《厝·潮》
卷一·做大人
tsò-tuā-lâng
出嫁,成家
第五部·做伙
第21章 娶亲
(民国二十三年,1934年秋)
民国二十三年秋,宋家厝里挂起了红绸。
秉义的婚事定在九月,天高气爽,日头不烈,正是乡里办喜事的好时节。这是云娘进宋家后头一回操持这般大场面,里里外外,全是她一手安排。显爷向来不爱管家事,只在她捧着礼单来问时,才抬眼扫上一眼,淡淡说一句"你看着办,合规矩就好",倒比平日里练武的冷硬模样好说话许多。
陈叔帮着张罗外头的采买,翠娥领着下人擦洗厅堂梁柱,把前后院落扫得一尘不染。灶间整日飘着甜香,红联端端正正贴上门框,朱红灯笼高高挂在檐角。云娘还多备了一样东西——她去镇上采买秉义的聘礼时,顺带扯了几块好绸布,一匹藕荷色,一匹靛青,都是姑娘家穿的料子。翠娥问是不是给显爷做衣裳,云娘说:"给玉巧留着,等定了亲再裁。"翠娥没再问,把布料叠好,单独收在一处。
娶亲那日,天刚蒙蒙亮,巷口的鞭炮便响了起来,震得院角荔枝树上的麻雀惊飞四散。
按春溪的老规矩,迎亲的十盘担整整齐齐排在门口,红绸布裹得严实,糕点、猪脚、面线、糖饼、绫罗布料、金银首饰,一样不少。显爷换了身干净的月白长衫,难得没在天井打拳,站在门口招呼往来的亲友。他脸上依旧没太多笑意,眉眼间却多了几分为人长辈的沉稳。
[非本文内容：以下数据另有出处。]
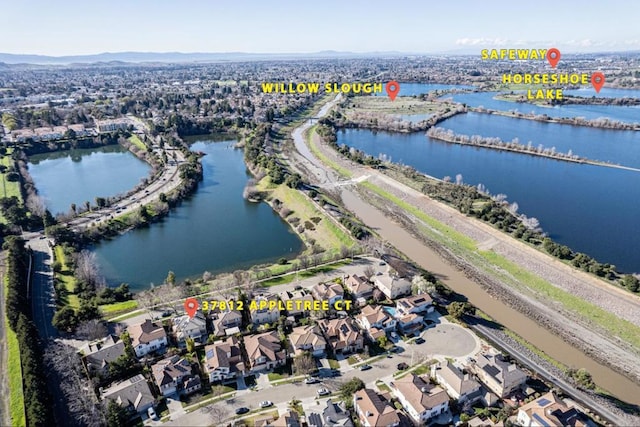 birds eye view of property with a water view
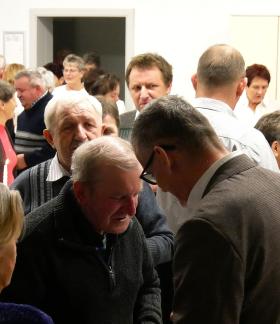 Uczestnicy spotkania - kilkadziesiąt osób – łamią się opłatkiem, składając sobie wzajemnie życzenia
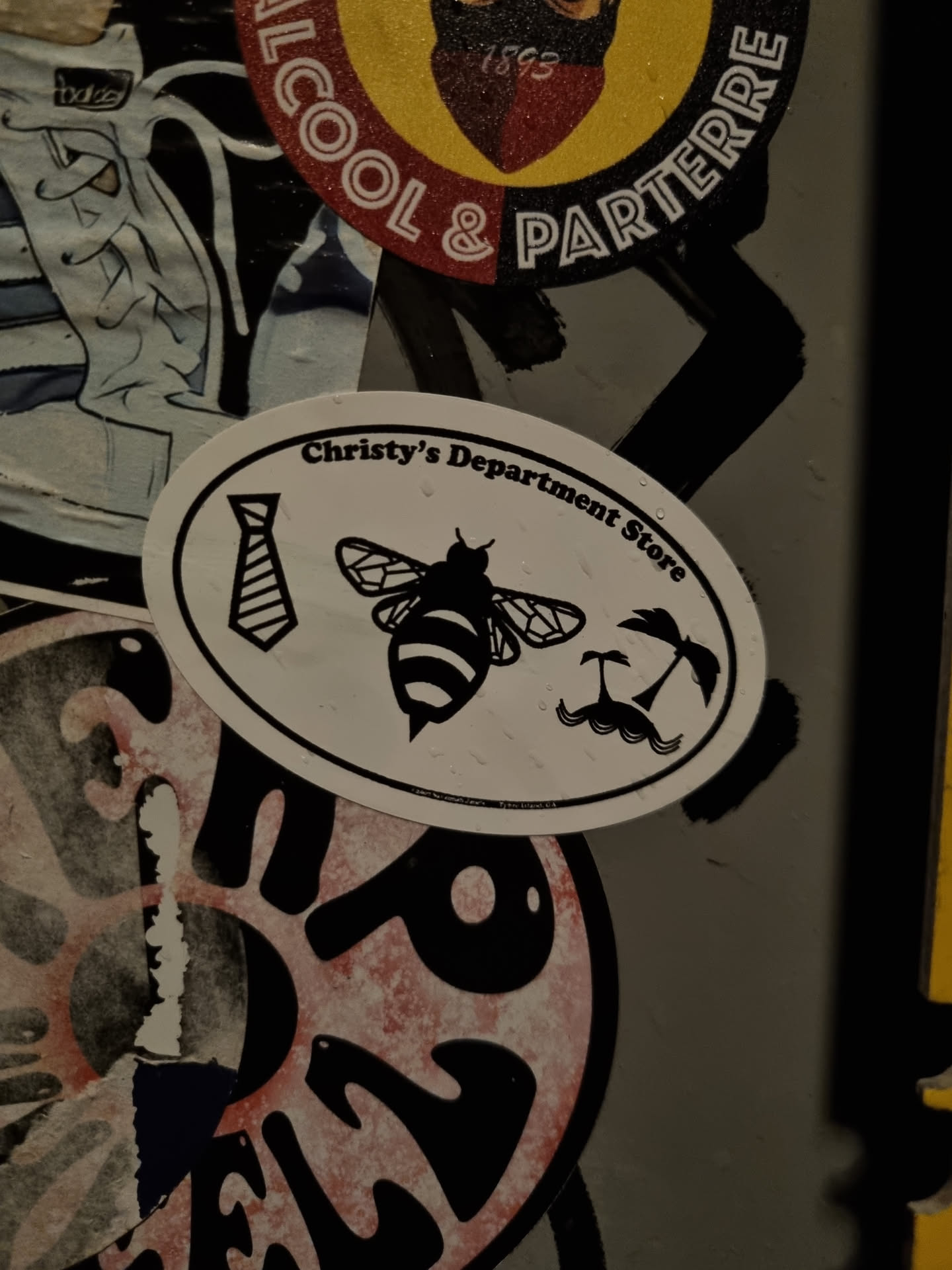 Oval sticker featuring a tie, a bee, and palm trees.  The sticker is white with black illustrations. 
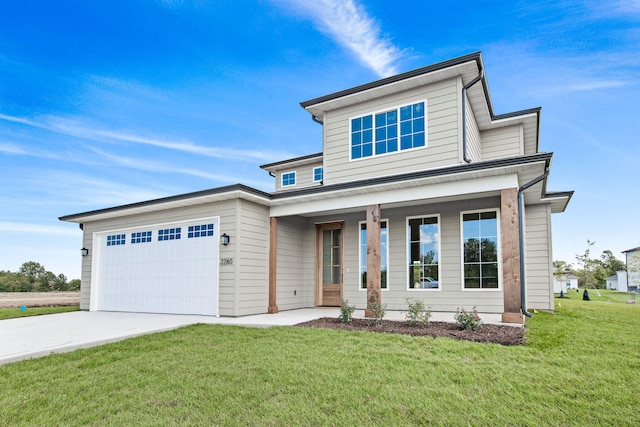 view of front of home featuring a front yard, a porch, concrete driveway, and an attached garage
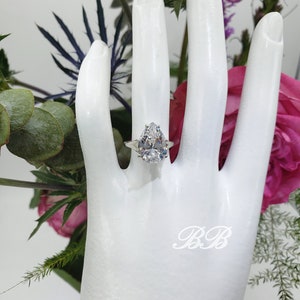 May include: A pear-shaped diamond engagement ring set in a silver band. The ring is on a white mannequin hand.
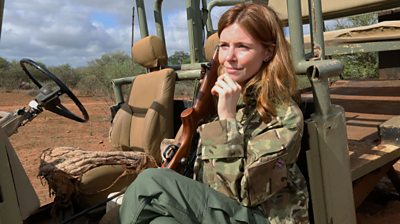 Stacey Dooley sitting in a jeep holding a rifle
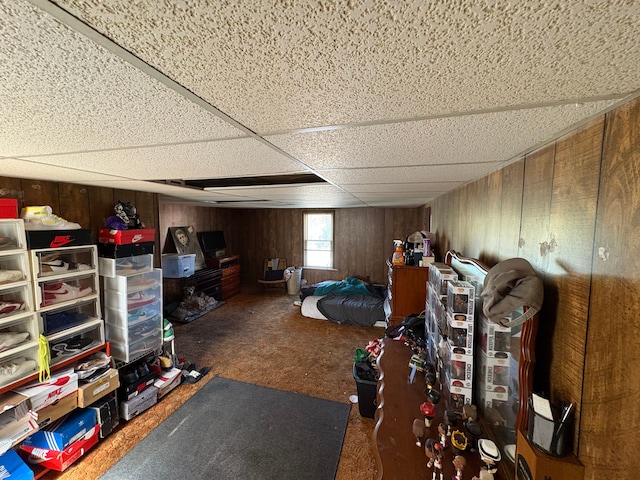 unfurnished bedroom featuring dark colored carpet, a drop ceiling, and wooden walls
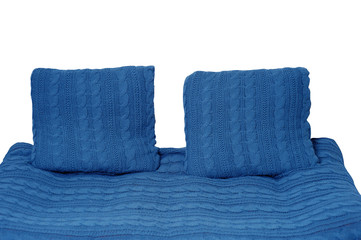 sofa and two pillows in blue isolated on white background
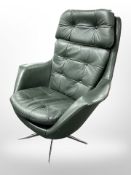 A dark green buttoned leather swivel lounge chair on chrome support,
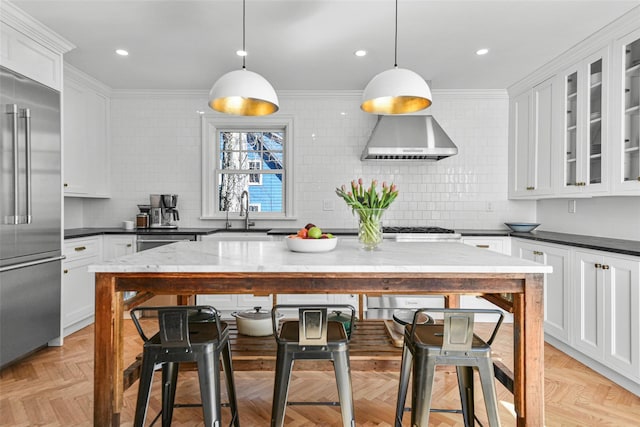 kitchen featuring a sink, stainless steel appliances, backsplash, and wall chimney range hood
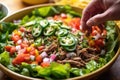 hand garnishing taco salad with jalapeno slices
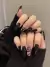 Unhas postiças decoradas cobrinha e fogo preto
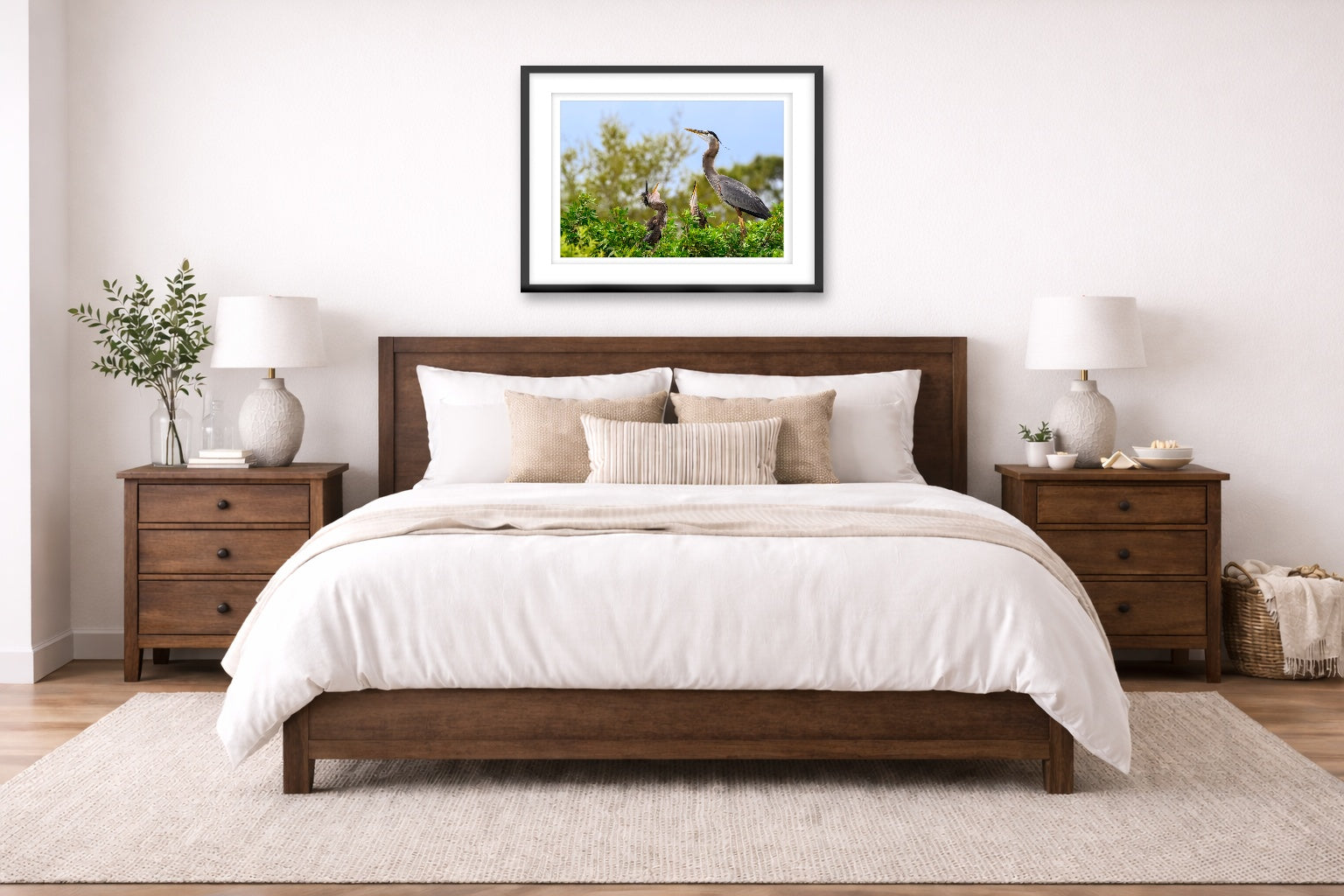 Blue Herons with Chicks printed on fine art paper, framed on a black frame and matted and hung on a wall on an bedroom wall.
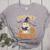 Spooky Teacher Halloween Cute Ghost Pumpkin Reading Women Women's Heather T-Shirt Athletic Heather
花轿进门的时候,唢呐吹得震天响。新娘盖着红盖头,由喜娘扶着跨过门槛。云娘站在厅堂门口,看着这一幕,忽然想起十四岁那年——自己也是这样,坐着一顶红轿子,被人扶进林家。那时候她才十四岁,什么都不懂,红盖头遮着脸,只听见唢呐和鞭炮,还有送嫁姆念的"新娘入门起,一家都欢喜"。
一晃十六年了。
拜堂、敬祖、夫妻对拜。司仪喊"二拜高堂",秉义和新娘跪在显爷和云娘面前,端端正正磕了三个头。
敬茶的时候,新娘先敬显爷,再转向云娘。
"娘,请喝茶。"
这一声"娘",清清楚楚落在云娘耳里。她指尖微微一顿,才稳稳接过茶盏,浅浅抿了一口。心口像是被什么东西轻轻撞了一下——从前在林家,她是任人拿捏的小媳妇,从来只有她恭敬侍奉别人;进了宋家,她是填房续弦,心里总隔着一层生疏。直到此刻,听着这一声实打实的"娘",她才真正觉得,自己是这个家的主母了。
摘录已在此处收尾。